Furey knew from an early age that he had an artistic destiny. While still in his teens in Newfoundland, he and his childhood friend John Lewis hitchhiked from Baie Verte to St. Pierre Miquelon. A priest stopped to give them a ride. Making conversation, the priest asked the pair what they wanted to do with their lives. John didn’t know, but Furey, with typical self-assurance, said, “I want to leave something behind to be remembered by”. He always knew he had to make a mark in the world. Furey’s focus, determination and sense of business are what made him the successful artist he was.

The Tiger Group

In 1974, the young artist arrived in Hamilton, Ontario, eager to leave his mark on the art world. Furey found work and a supportive mentor at Bill Powell’s Canvas Gallery on Augusta Street, where he was soon selecting shows and installing artwork. His first studio space was in Powell’s basement where Furey worked diligently at his craft. He also worked on the Festival of Friends for many years, serving on the judicial committee and choosing artisans to show their work at the festivals. These shows grew over the years to become travelling festivals and Furey worked as the art consultant. Festivals that he helped to assemble showed in Texas, New Orleans, Louisiana and Mexico.

These travelling festivals became so successful that he began an artist exchange program. Furey was a driving force in the creation of the Tiger Group, along with co-artists Rick Cook, Gunder Robez, Bill Powell and Wayne Allen. This group became the hub of the Hamilton art scene in the 1970s.

Conrad Furey. "Gone Camping". c.1970s. Oil on board. 20 x 28 in. Courtesy of Earls Court Gallery.
Conrad Furey. "Children by Numbers". 1978. Oil on board. 12 x 23 in. Courtesy of Earls Court Gallery.

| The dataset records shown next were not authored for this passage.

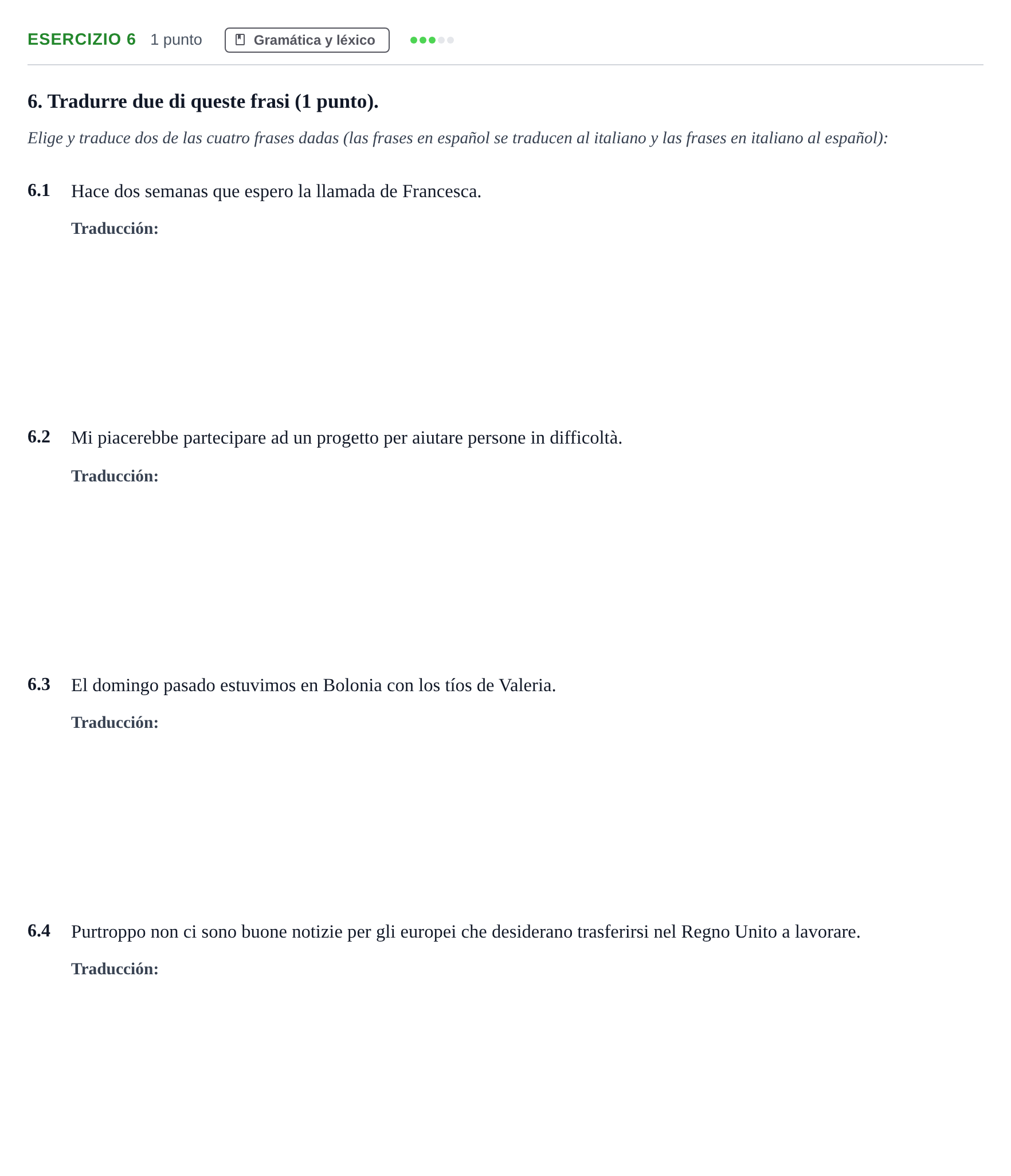Enunciado: Problema 6 · Italiano PAU Andalucía Examen 5 2020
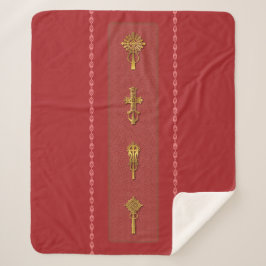 Manta Sherpa Ethiopian Orthodox Crosses – Gold on Red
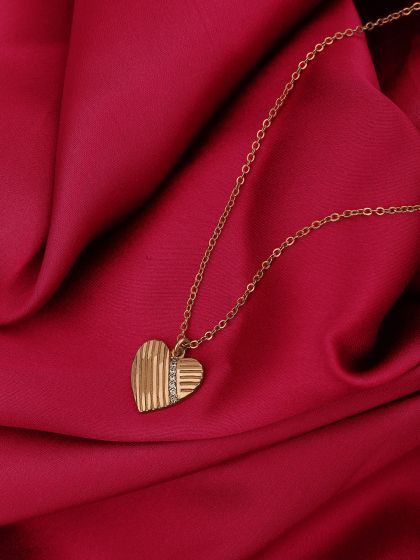 Carlton London Gold Plated Inline Heart Layered Necklace – Carlton London  Online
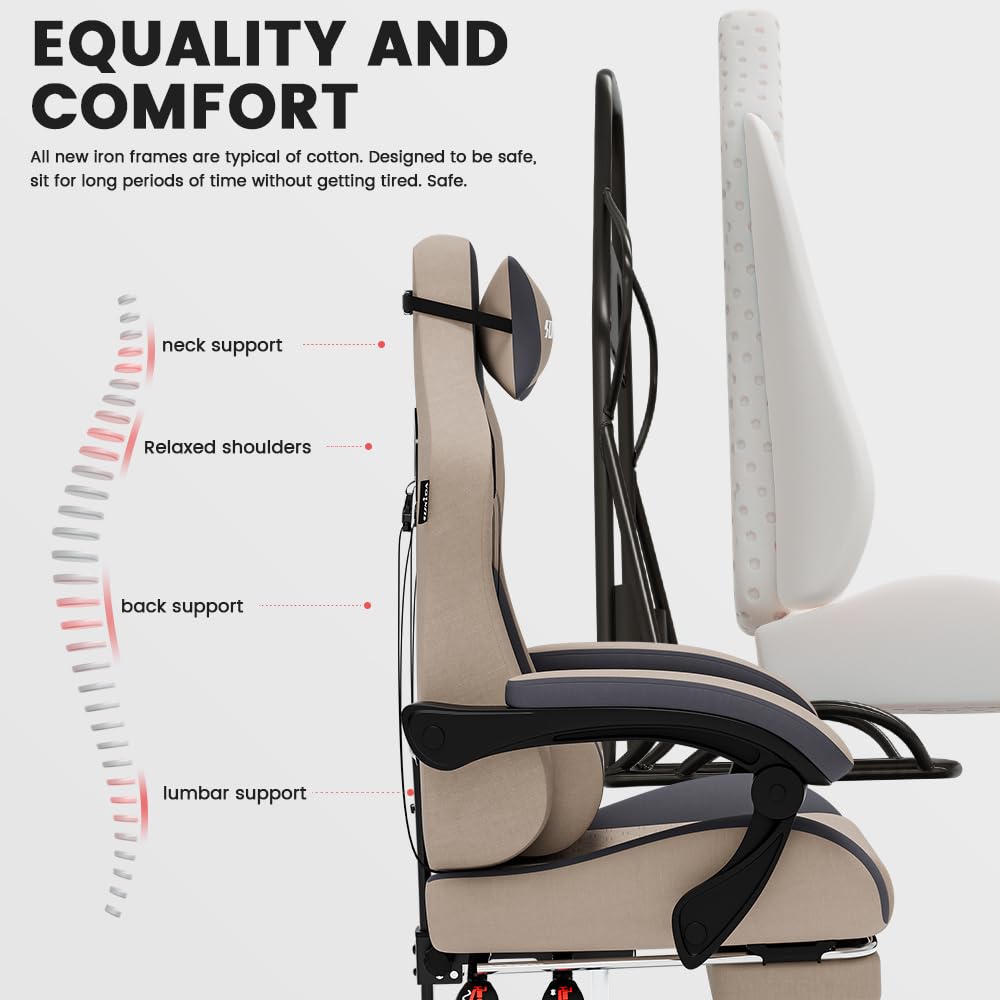 SUKIDA Ergonomic Gaming Chair for Adult, Comfortable Desk Chair with Massage, Comfy Headrest and Lumbar Support Pc Office chairs with Footrest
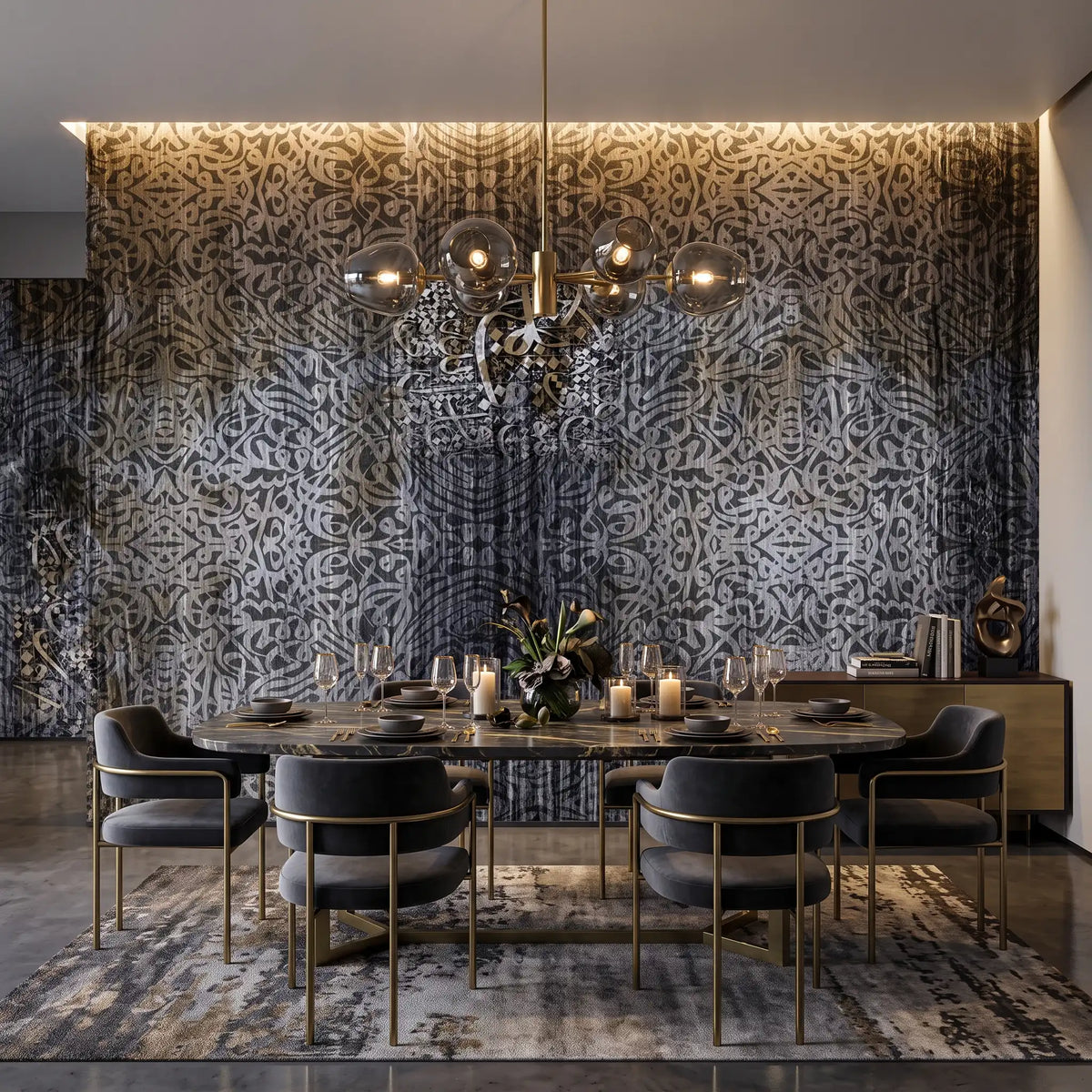 Charcoal Weathered Wallpaper Mural – Dining Room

“Living away [from Newfoundland] means that I can get to the essence of the memories more easily, there’s less distraction. The years I spent growing up in Newfoundland, that’s where all these images are from… It seems that Newfoundland defines me and my life growing up on an idyllic coast of this grudging isle. It seems I paint what I dreamt of doing with my life.”